Rubber Cement: Remember how your second grade teacher kept this one on the top shelf? One whiff of this baby and you’ll understand why Ms. Johnson always moaned when students threw pencils at her. This is a classy glue — best accompanied by a nice merlot and a secondhand Banana Republic pantsuit.
Gorilla Glue: This glue isn’t for the faint of heart. A single inhale is enough to empty out a grown man’s bowels — I’ve seen it happen. Like it or not, this glue deserves credit for its boldness. Its overtones of tractor rust and decaying animal carcass are most aptly enjoyed in warm, sauna-like temperatures. Sniff at your own peril in a nice, private place. Seriously. Do this one in private.
Elmer’s Glue: In the wake of the 2020 political landscape, many people have reverted to childhood creature comforts as coping mechanisms: some rewatch Hannah Montana; some listen to early 2000s soft rock; some fiend for the familiar scent of the glue of their childhoods. Though not particularly strong, this one will leave you with that warm and fuzzy feeling.
Krazy Glue: One time in high school, a kid sniffed a TON of this and ended up swinging between the rafters of the gymnasium like a chimpanzee. When he fell fifty feet he wasn’t even hurt! Krazy Glue gives you wiiiiings.
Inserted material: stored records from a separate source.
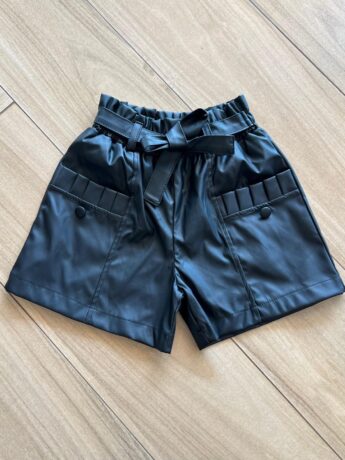 Short Infantil Feminino Couro com Bolsos Lateral Fernanda Ramos Kids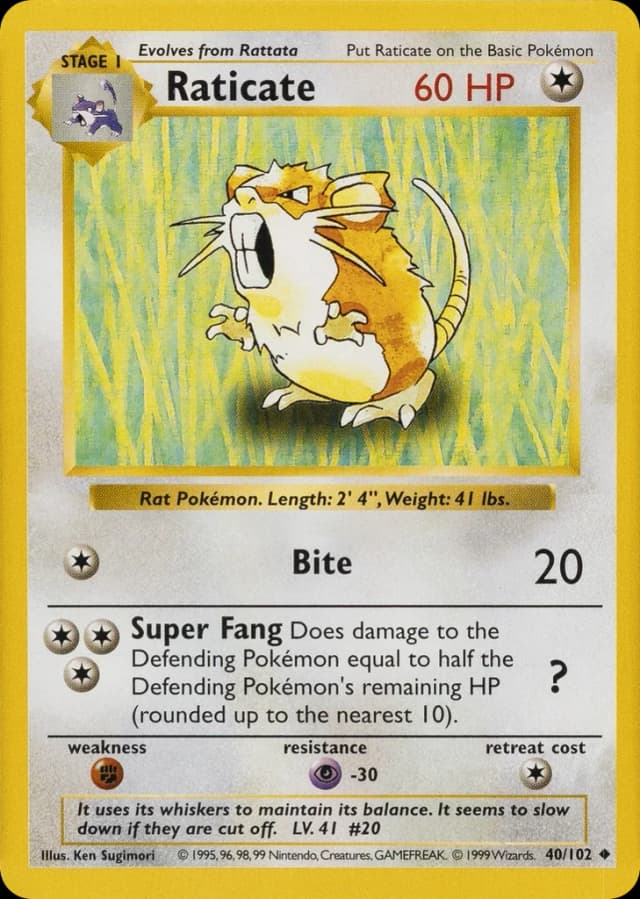Raticate — Base 40/102
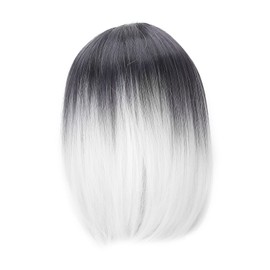 Straight Hair Wig Fashionable Natural HeatResistant Wig Fake Hair with Bangs for Party Cosplay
Contact Cement: Many men claim to enjoy steak dinners, contact sports, and vehicles with a lot of horsepower because these things somehow reaffirm their manhood. If you’re one of those men, contact cement is not for you! Contact cement is for the girls! This one is perfect for brunch, or a power yoga session, or even a day at the office– very versatile! Any self-respecting girlboss will always have this one in their purse.
Eau Ecarlate- Not glue per say, but if you’re seriously reading a detailed list of huffing glues to the bottom I doubt you care about the inhalant class distinction. This being said, this laundry stain remover packs a good punch in a situation where glue isn’t available.
Krylon Spray Paint- Again, not glue. This one is a step above glue, actually. It’s really one thing to have an indulgent little sniff of glue every now and then– sometimes it’s necessary, actually– but if you’re huffing paint? Seek help.